== Segment start ==

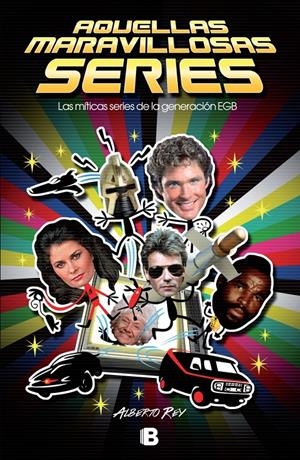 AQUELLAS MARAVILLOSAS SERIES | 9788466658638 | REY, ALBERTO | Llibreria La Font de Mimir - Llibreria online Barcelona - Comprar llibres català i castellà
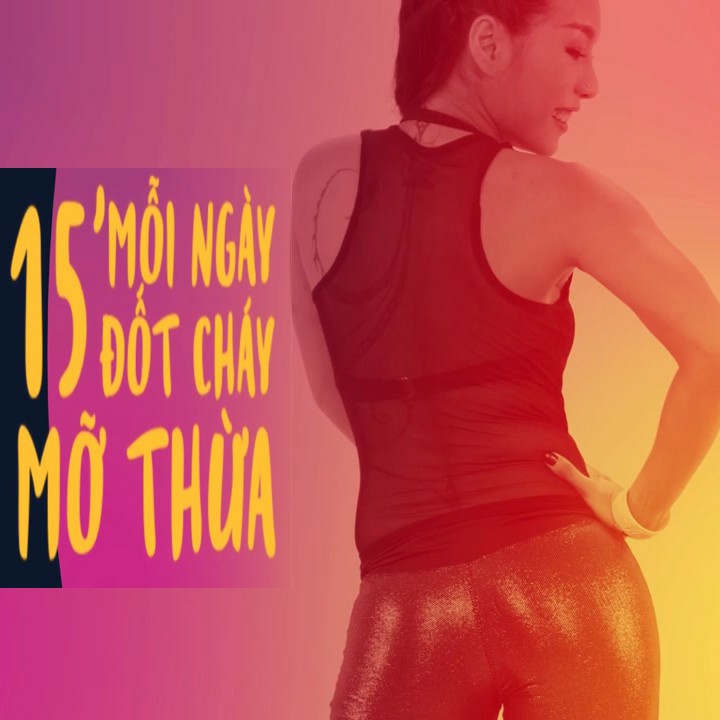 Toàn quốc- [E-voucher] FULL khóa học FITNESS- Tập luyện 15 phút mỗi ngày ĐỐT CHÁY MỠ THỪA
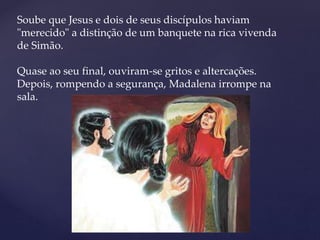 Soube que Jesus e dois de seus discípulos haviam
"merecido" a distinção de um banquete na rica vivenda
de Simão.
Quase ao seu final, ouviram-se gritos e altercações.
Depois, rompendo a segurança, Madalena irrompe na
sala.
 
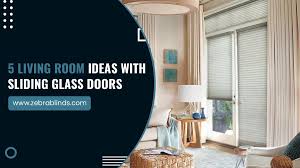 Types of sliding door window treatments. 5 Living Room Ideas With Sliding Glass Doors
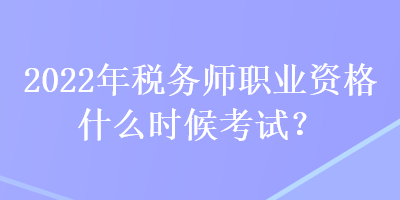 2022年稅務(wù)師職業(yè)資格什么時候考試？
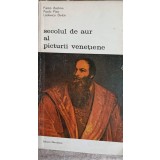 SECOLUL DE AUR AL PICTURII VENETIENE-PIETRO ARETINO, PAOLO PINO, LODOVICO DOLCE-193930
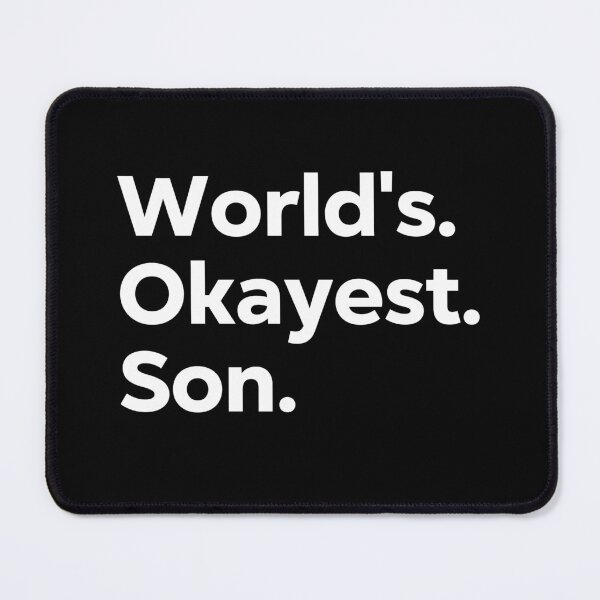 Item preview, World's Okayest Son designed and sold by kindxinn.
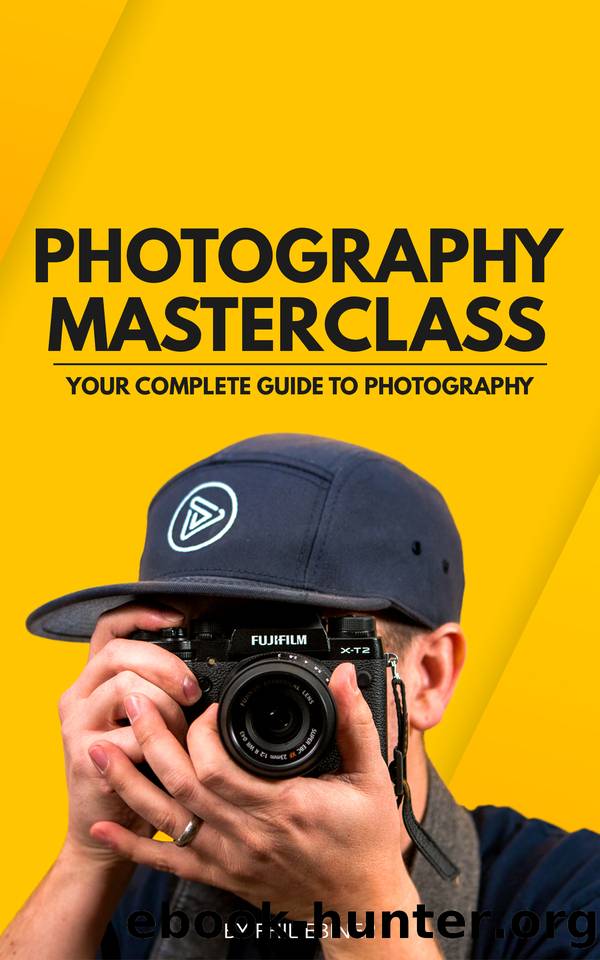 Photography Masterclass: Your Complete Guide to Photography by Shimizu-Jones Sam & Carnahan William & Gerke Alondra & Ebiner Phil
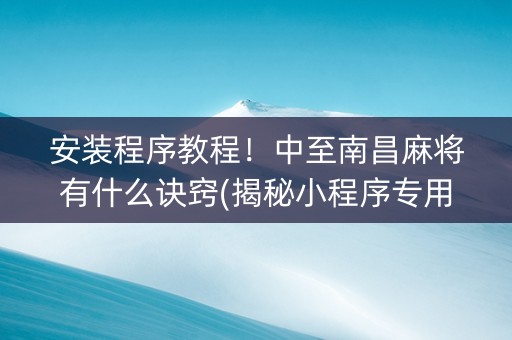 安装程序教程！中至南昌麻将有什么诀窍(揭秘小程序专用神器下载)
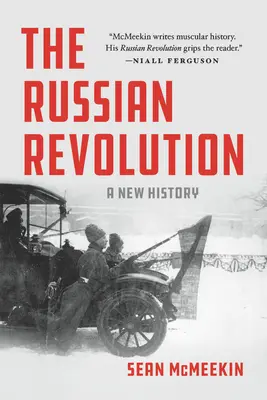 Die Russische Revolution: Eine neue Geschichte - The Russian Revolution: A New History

== Segment end ==

*Exercise description*.
Give the data again exactly, without pictures.

*Response*.
 AQUELLAS MARAVILLOSAS SERIES | 9788466658638 | REY, ALBERTO | Llibreria La Font de Mimir - Llibreria online Barcelona - Comprar llibres català i castellà
 Toàn quốc- [E-voucher] FULL khóa học FITNESS- Tập luyện 15 phút mỗi ngày ĐỐT CHÁY MỠ THỪA
 Soube que Jesus e dois de seus discípulos haviam
"merecido" a distinção de um banquete na rica vivenda
de Simão.
Quase ao seu final, ouviram-se gritos e altercações.
Depois, rompendo a segurança, Madalena irrompe na
sala.
 
 Types of sliding door window treatments. 5 Living Room Ideas With Sliding Glass Doors
 2022年稅務(wù)師職業(yè)資格什么時候考試？
 SECOLUL DE AUR AL PICTURII VENETIENE-PIETRO ARETINO, PAOLO PINO, LODOVICO DOLCE-193930
 Item preview, World's Okayest Son designed and sold by kindxinn.
 Photography Masterclass: Your Complete Guide to Photography by Shimizu-Jones Sam & Carnahan William & Gerke Alondra & Ebiner Phil
 安装程序教程！中至南昌麻将有什么诀窍(揭秘小程序专用神器下载)
 Die Russische Revolution: Eine neue Geschichte - The Russian Revolution: A New History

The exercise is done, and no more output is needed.